The Wall Street Journal – The U.S. is once again talking publicly about whether to impose sanctions on the Iran central bank.
However, Adam Szubin, director of the Treasury Department’s Office of Foreign Assets Control, said to a House committee Tuesday that it hasn’t acted yet because the U.S. doesn’t want to hand Tehran easy money or harm the Iranian people, according to an AFP report.
“That proposal or idea has not been abandoned. It’s very much on the table as are all options that we could take that would credibly and meaningfully impact Iran,” he said.
But among the worries expressed by U.S. officials over imposing this sanction are that it would cause a spike in the price of oil, because Iran uses its central bank to process most payments for crude.

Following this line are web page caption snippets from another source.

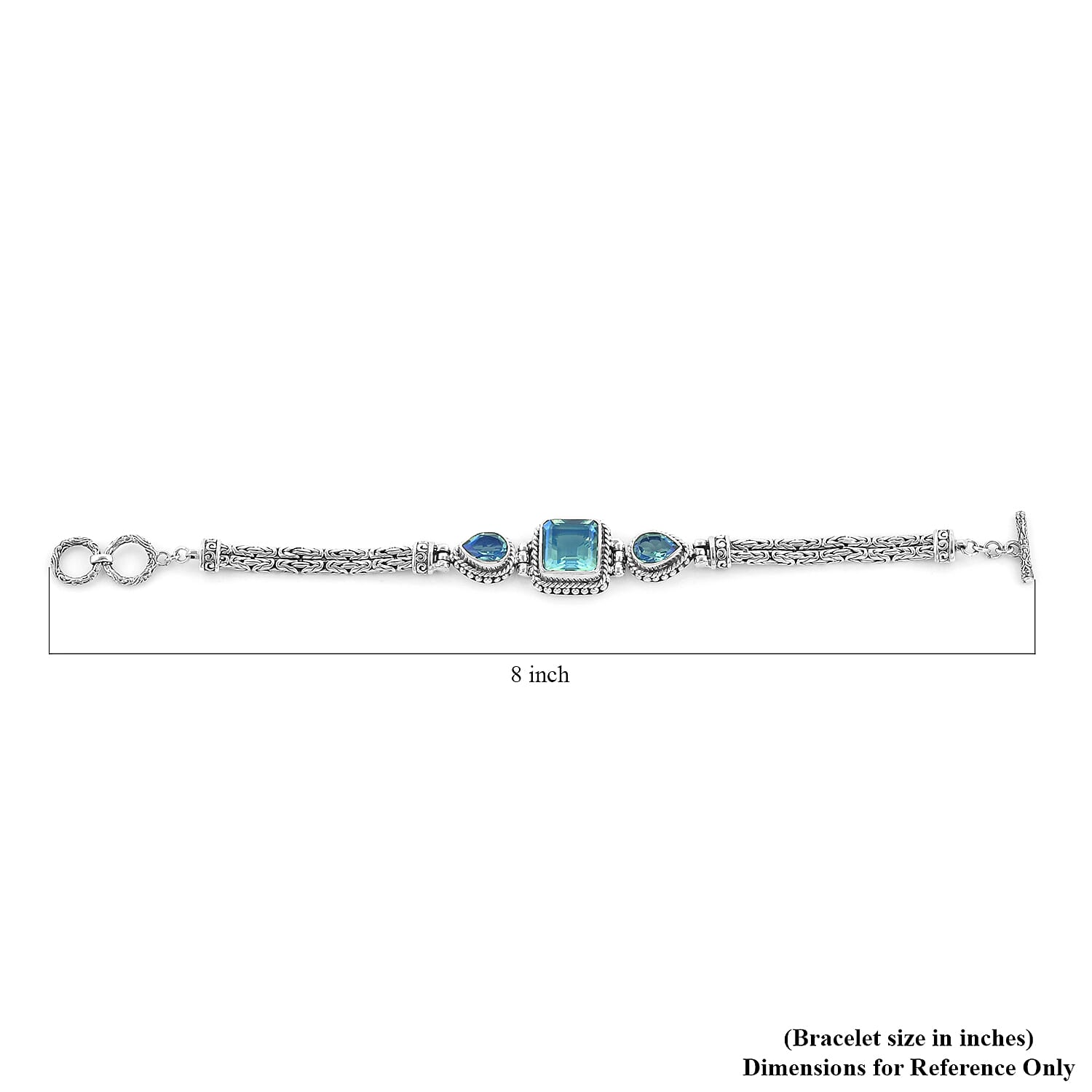 Bali Legacy Peacock Quartz (Triplet) Tulang Naga Chain Bracelet in Sterling Silver (7.50 In) 12.90 ctw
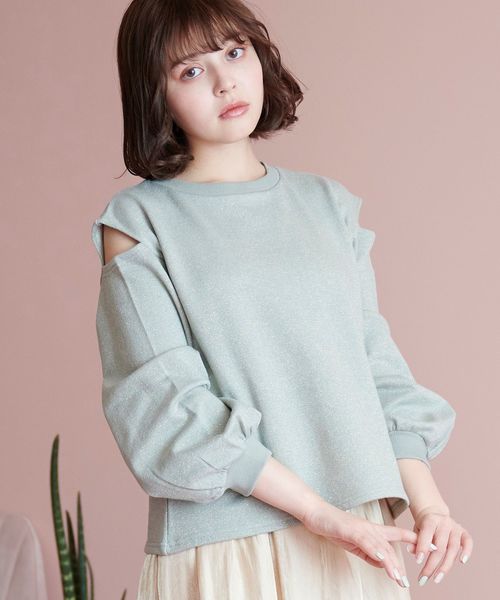 MAJESTIC LEGON（マジェスティックレゴン）の「デザインラメスウェット（スウェット・レディース・ベージュ/ピンク/ミント/モカ・MEDIUM）」の4枚目の写真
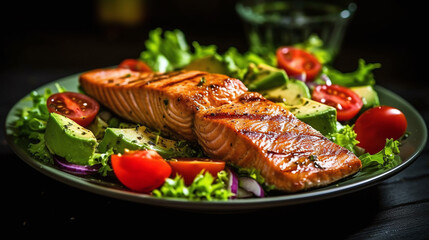 Cedar plank grilled or roasted salmon with herbs, garlic and spices. Generative AI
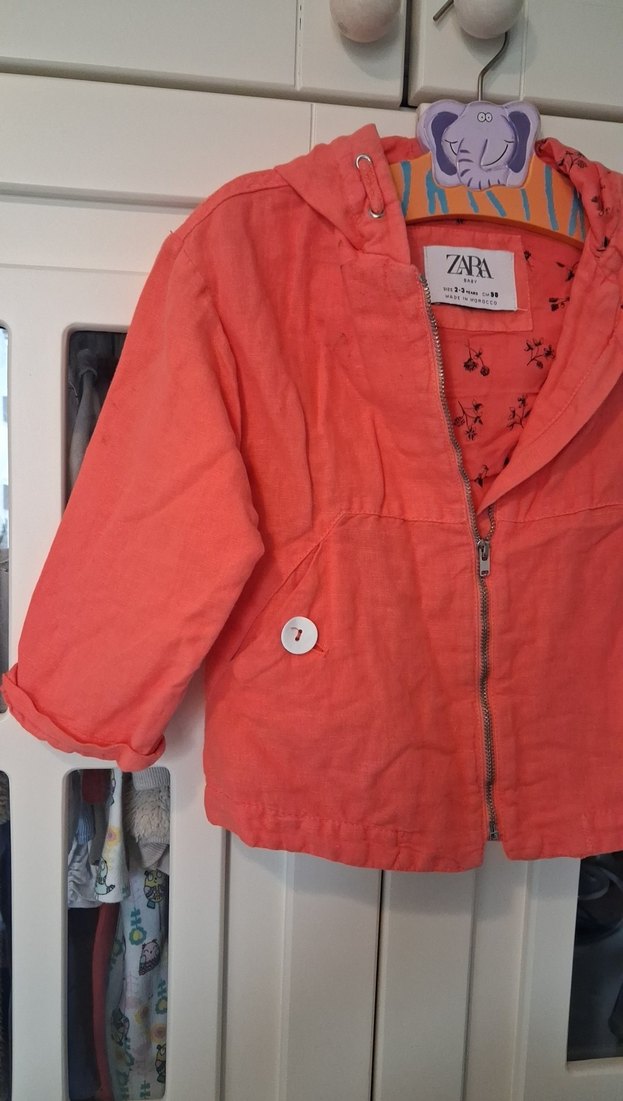 Turuncu Kız Çocuk Keten Ceket - Görsel 4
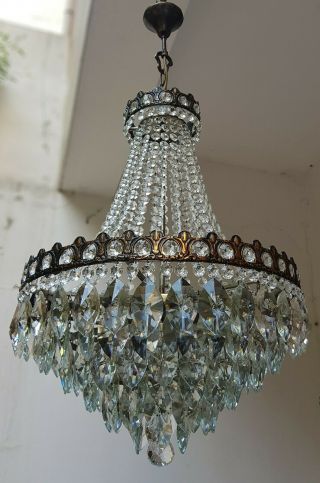 Antique Vintage Brass & Crystals Giant French Chandelier Lighting Ceiling Lamp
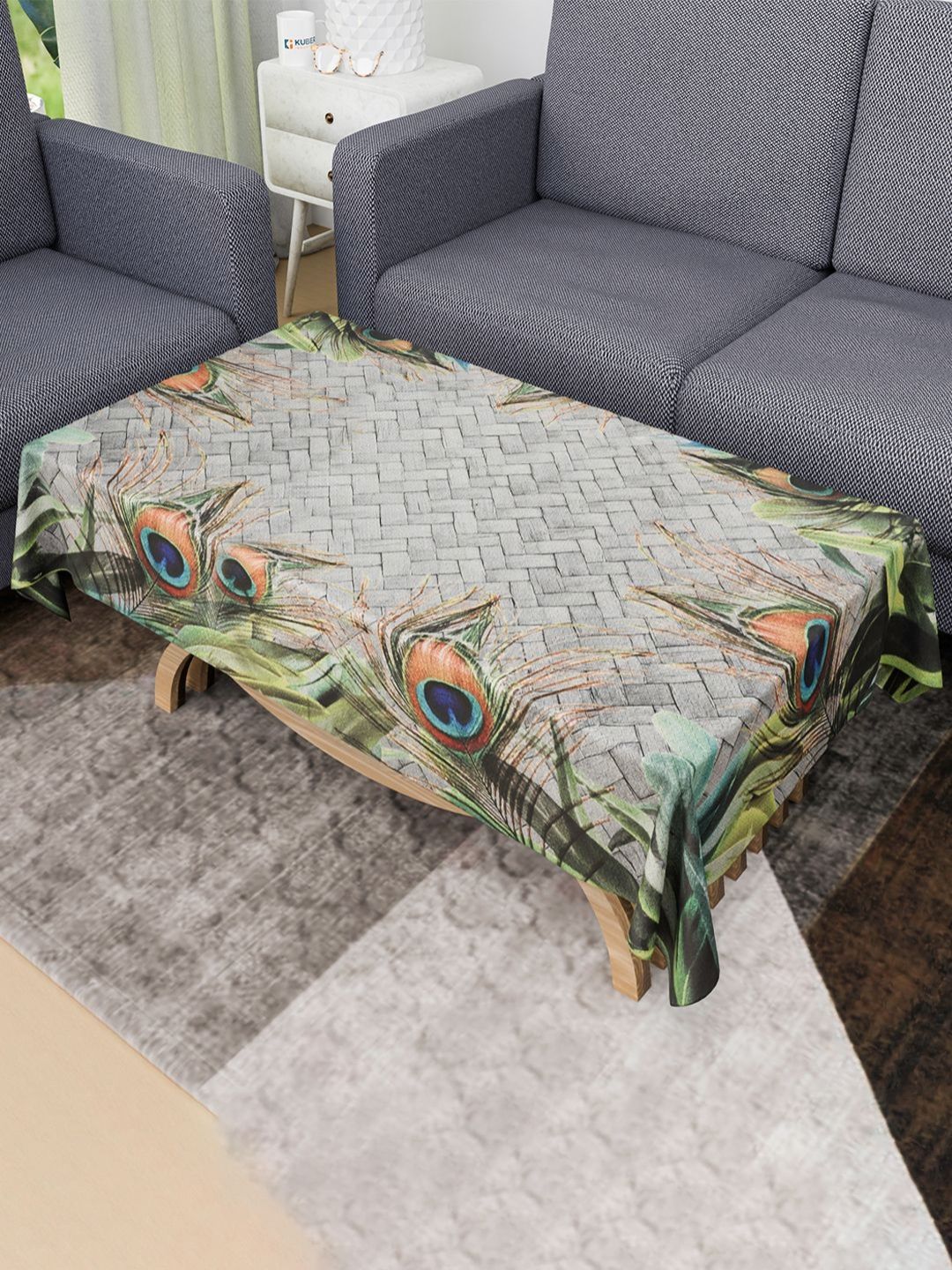 Aura Green Ethnic Motifs Printed 4-Seater Rectangle 1.48 m x 0.98 m Jute Table Cover-image-36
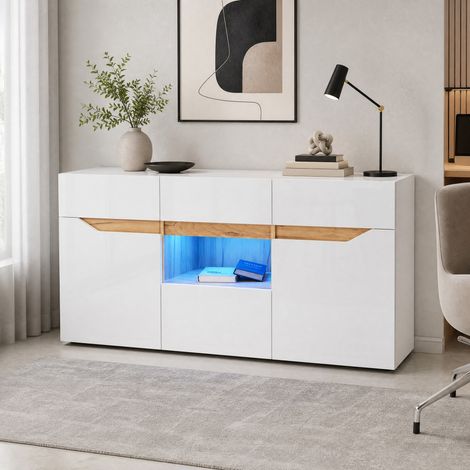 Buffet 140 x 40 x 70 cm avec 4 tiroirs, 2 placards, LED, blanc et effet bois HAVRYA (1/5)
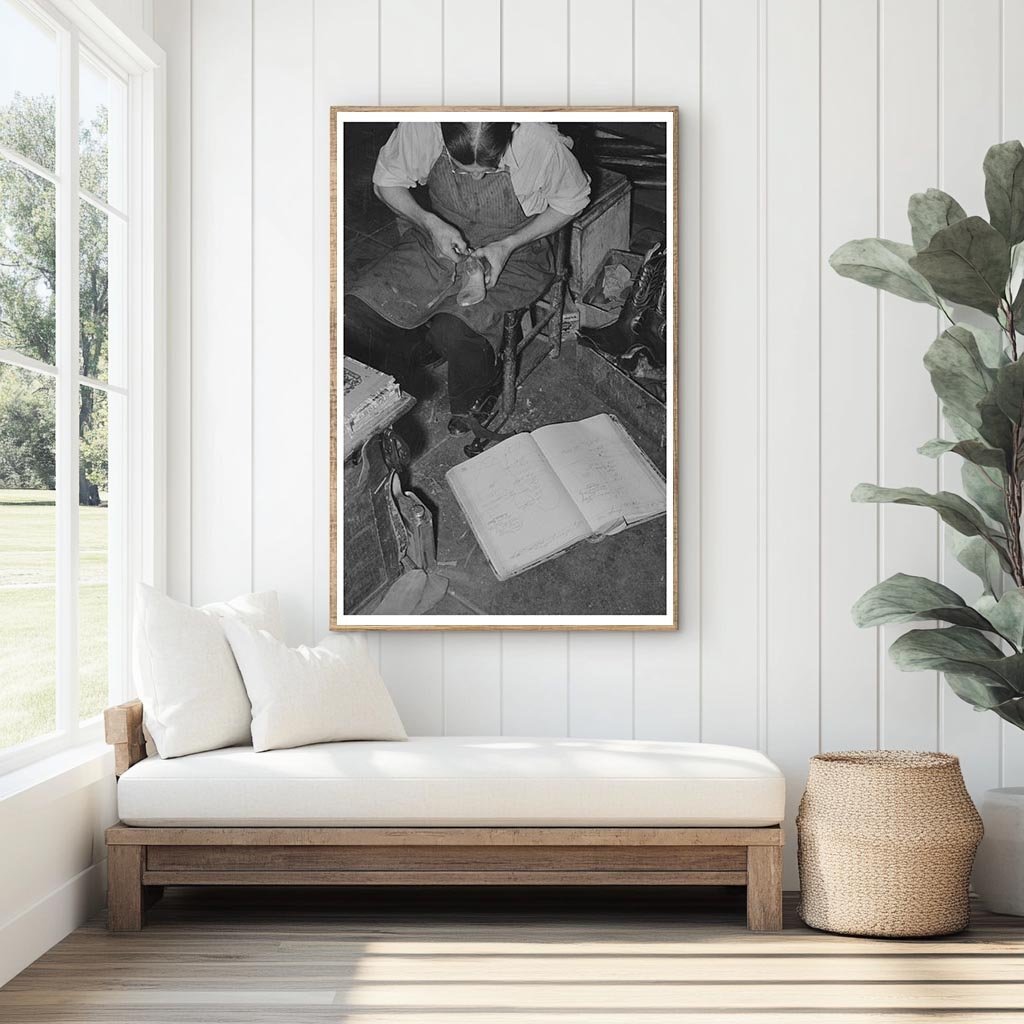 Cowboy Bootmaker Measuring Last in Alpine Texas 1939 - Available at KNOWOL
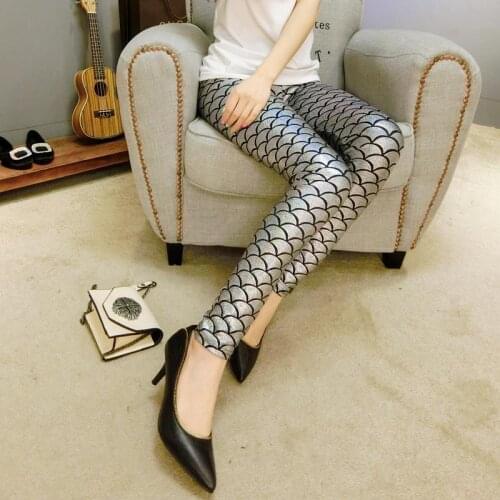 Yoga Pants Leggings Spring and Autumn High-waisted Nine-point Pants Slimming Fish Scale Sport Women Fitness Gym Clothing Tights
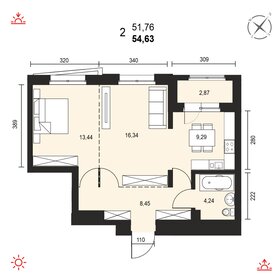 55,4 м², 2-комнатная квартира 7 480 000 ₽ - изображение 18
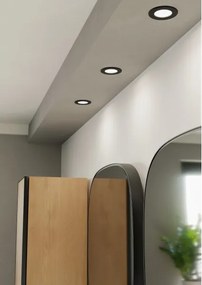Eglo 901412 - Plafoniera da incasso LED per bagno FUEVA, 3,7 W, 230 V, Ø 8,8 cm, IP44, nera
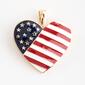 Wearable Art Gold-Tone Red White & Blue Heart Flag Enhancer - image 1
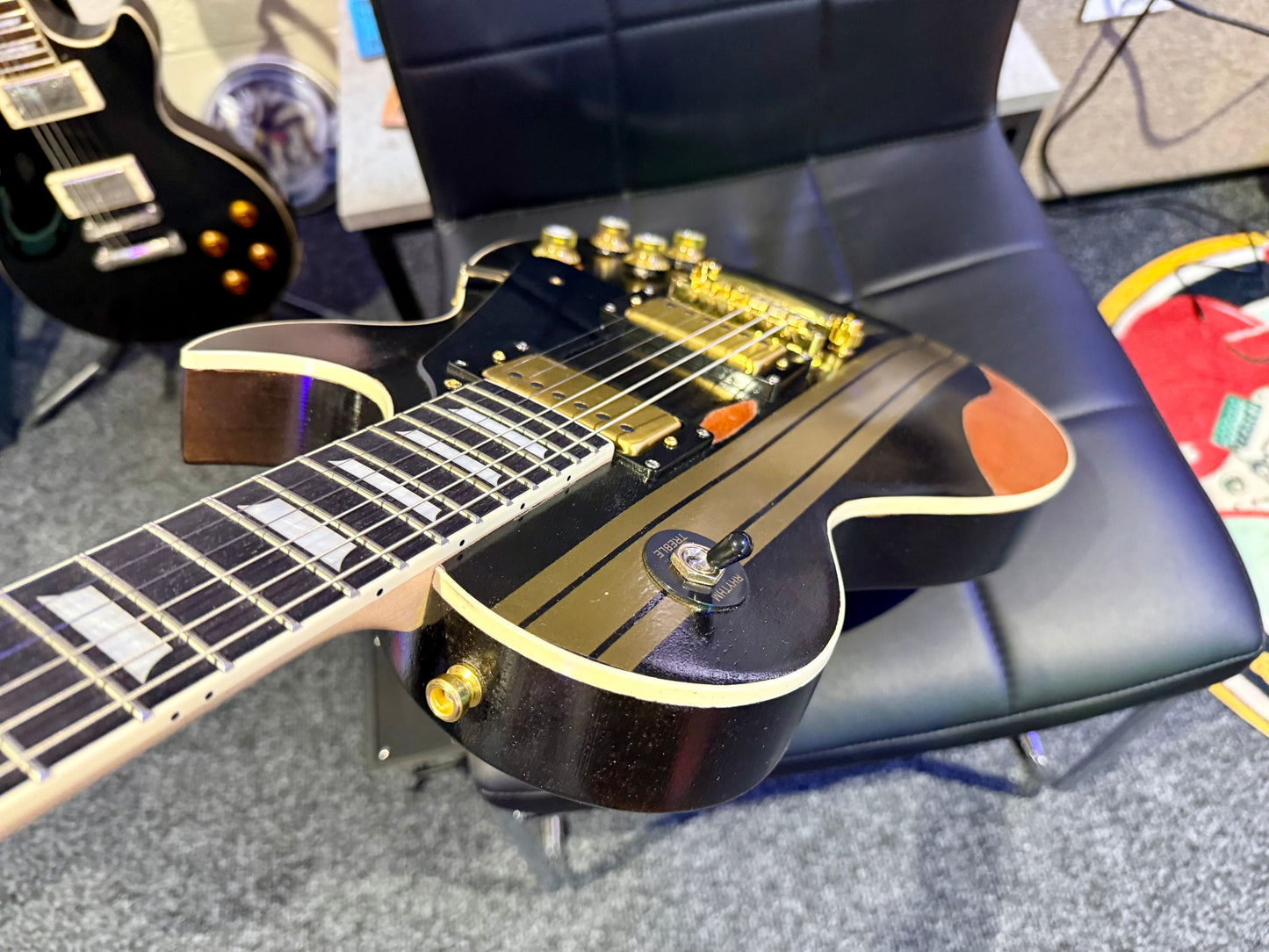 🔥CUSTOM BUILD🔥 James Hetfield Iron Cross Guitar~ Genuine EMG Het set~ESP Style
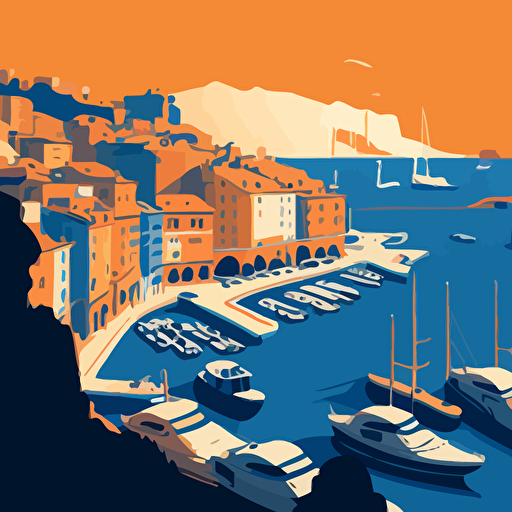 vector image of the Monaco harbour, using only orange and blue colours, simple cartoon style shading, very simple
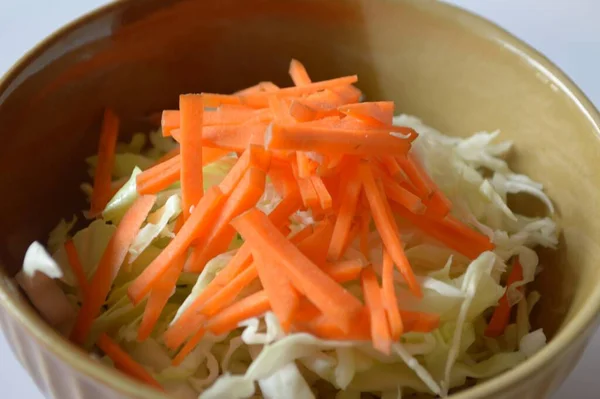 Fresh Carrots Cabbage Bowl — Stock Photo, Image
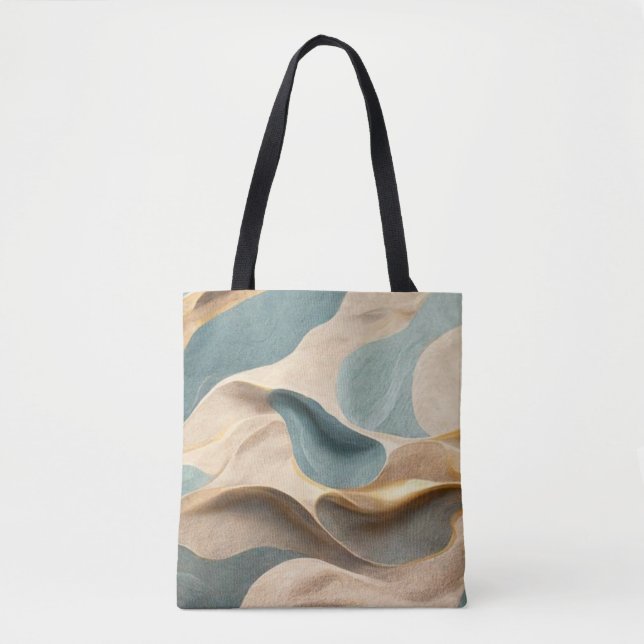 beige blue green modern style wave tote bag (Front)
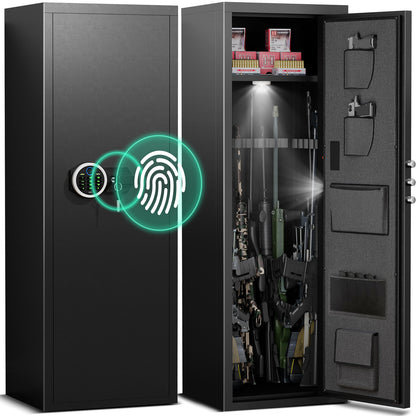 6-8 Biometric Gun Safe, Quick Access Unassembled Gun Cabinet with Silent Mode and Dual Alarm System, Gun Safe for Rifles and Pistols, Rifle Safe with Magnetic Gun Slots and Magnetic Induction Light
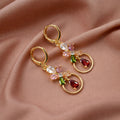 Floral Crystal Hoop Earrings – Elegant Multicolor Gold-Tone Drop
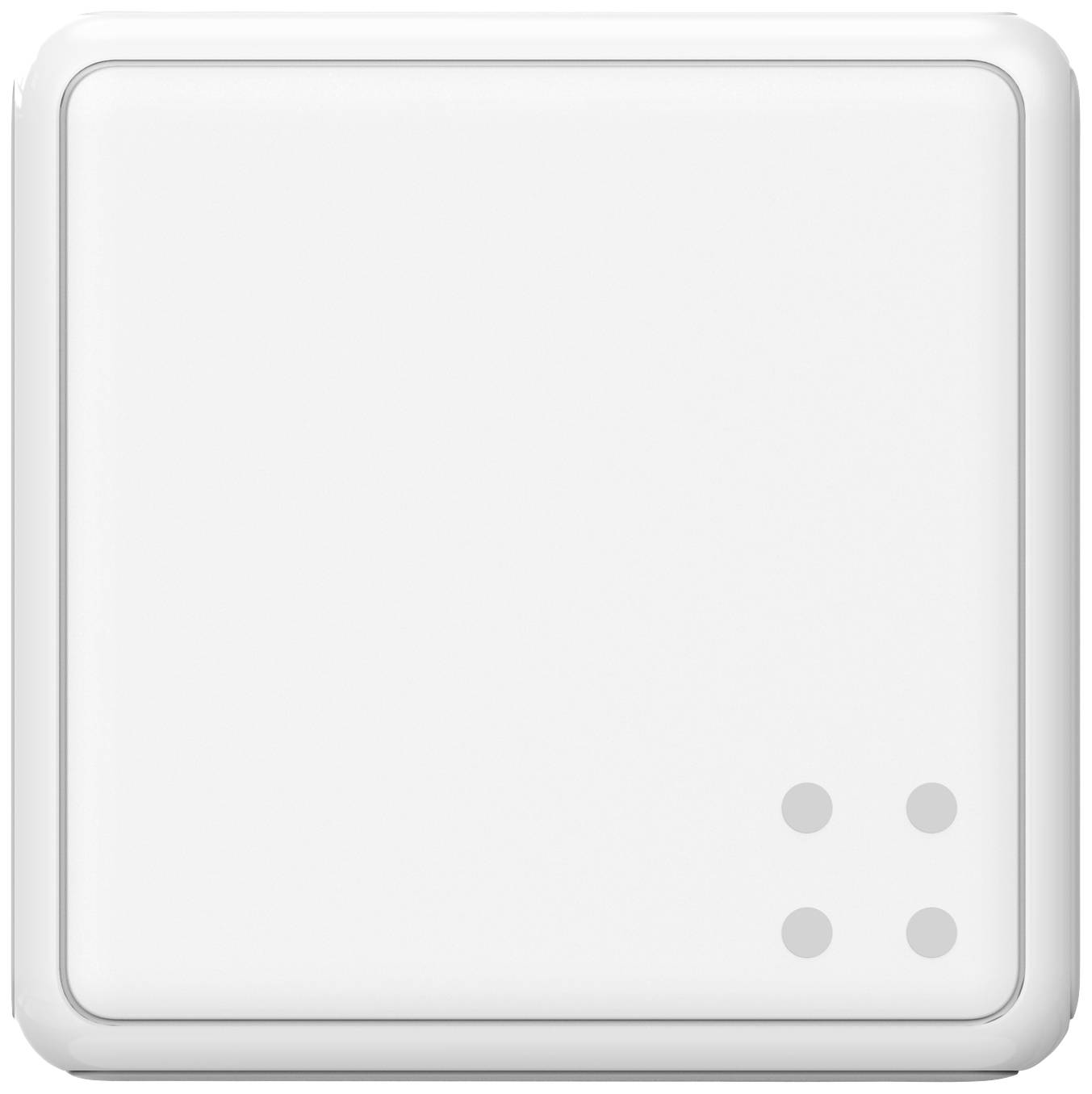 Vit kvadratisk yta med tre små grå punkter i det nedre högra hörnet. Minimalistisk design.
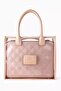 Vegan Leather Tote Bag with Transparent Panels, Stylish & Travel-Friendly - Pink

“If there’s a spike in the price of oil, Iran could be facing a windfall,” Szubin said, warning of “plausible scenarios in which there could be profound harm to the global economic recovery and a windfall to Iran.”
Despite this concern, sanctioning Bank Markazi, as the Iranian central bank is known, has been a favored choice of several lawmakers, and was a suggested policy proposal by Texas Gov. Rick Perry during a recent debate for the Republican presidential nomination.
Nevertheless, Henry Wooster, acting U.S. deputy secretary of state for Near Eastern Affairs said during his testimony to the House committee that sanctioning Bank Markazi could adversely affect relations with youthful Iranian dissidents who approve of the U.S.
“We need to be careful in a lot of what we do to make sure that we’re, you know, not alienating a group of individuals that we want to work with and have relationship with over the long term as long as they can stop being held hostage by their government,” he said.